We saw it with the ill-fated Windows RT, when some of tech’s biggest names thought about making RT apps, chuckled and said “naaaaaah”. And we can see it right now on Windows Phone, which boasts 120,000 certified apps compared to Apple’s eleventy billion. We’re exaggerating, but only just: the combined app count of the Apple and Google stores is 2.5 million.
Microsoft has a solution to this app gap, and it’s pretty clever: if app developers won’t come to Windows, then Windows will come to them.
It’s clever, but it’s not quite as simple as we’ve made it sound there. Getting iOS and Android apps on to Windows is much, much easier than before, but it’s not exactly a one-button process.
As Microsoft points out, it’s quite similar to what happens with Amazon, who use a version of Android for their Kindle Fire devices: once developers have created their app they then need to do some Amazon-specific faffing around so the apps work on Kindles.
For Windows, that faffing depends on what platform your app runs on. If you’re an iOS developer it’s quite straightforward: take your existing code, hook it into the various Windows APIs, compile it into a Windows app and Bob’s your mother’s brother.

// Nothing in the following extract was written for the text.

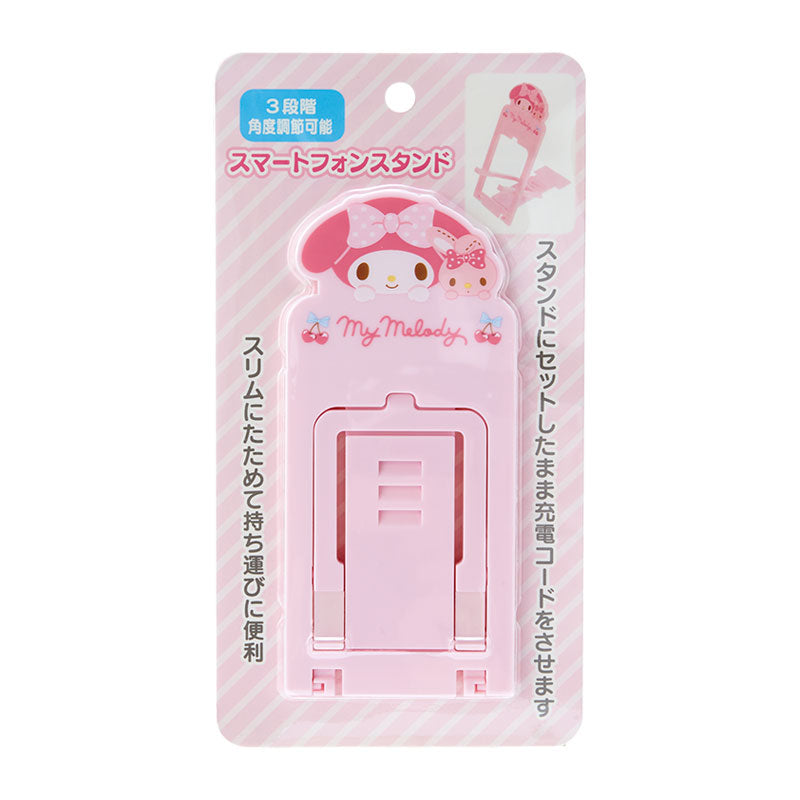 My Melody Compact Phone Stand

It’s a bit more complicated coming from Android, because Microsoft has created an Android subsystem inside Windows that offers a kind of Android Lite. Microsoft will go into more detail about that this week, and about the tools it’s offering website owners to turn their sites - which people often don’t pay for - into Windows Store apps, which people are often much happier to pay for.
It’s an interesting and potentially enormous move, because these days consumer app developers are often iOS first, Android second and Windows mumble mumble. That’s because iOS users are more likely to spend real cash money, and while Google’s users are less generous there are many more of them, so they’re still worth targeting.

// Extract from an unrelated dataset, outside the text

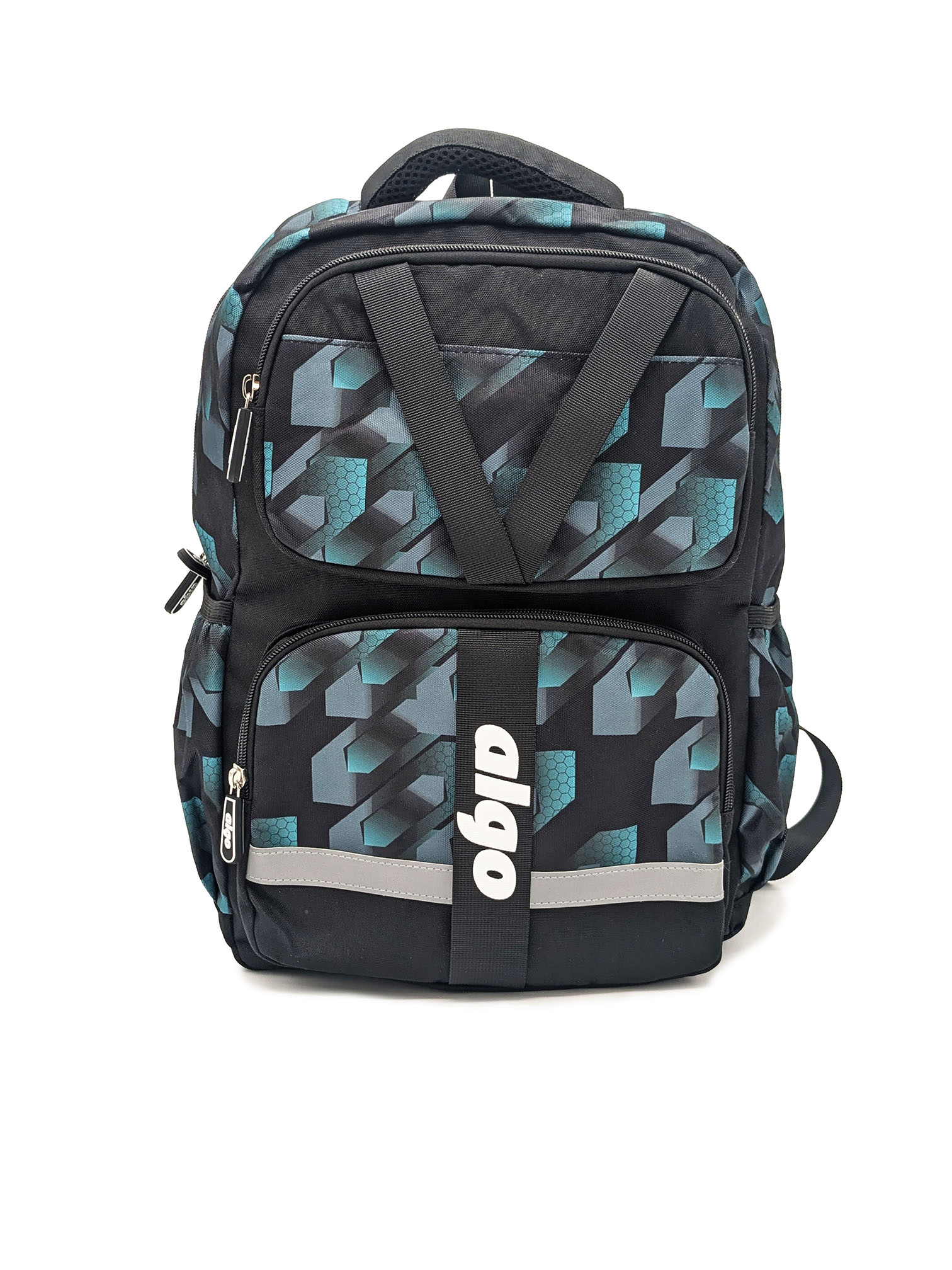 Sac à dos scolaire Algo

By the time developers have catered for both customer bases they’re either too tired to make a Windows one or just don’t think the potential returns are worth the effort.
Microsoft's new plans could change all that, creating a kind of virtuous circle in which developers can put their apps into Windows with minimal fuss, users can get the apps they want, developers can sell more apps, and Microsoft can get more people on Windows. Net result: everybody’s happy.

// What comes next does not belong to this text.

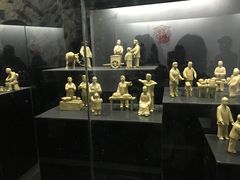 -威海华夏城景区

Well, almost everyone. A quick browse of Twitter after the announcement turned up plenty of cynical voices within the dev community:
Chaos. MS is panicking. that's my take from the way they have ported Android/iOS into the platform. #Build2015
— Ariel Ben Horesh (@ArielBH) April 29, 2015
This is my concern though, Android subset and iOS Objective C. What is the lag and update story? Confuses my world. #Build2015
— Kurt Brockett (@kurtbrockett) April 29, 2015
— S Aadeetya (@aadee_ram) April 29, 2015
I can't remember if I cried When they fell beneath the Android tide It's time to join the Java side The day my WinPhone died #Build2015
— Matthias Shapiro (@matthiasshap) April 29, 2015
Then again, it's natural to hear a few dissenting voices before a big change.
The fact is, if it works it might just be one of the smartest mobile moves Microsoft has ever made. And given how far it is behind Apple and Google, Microsoft will be desperately hoping that it does.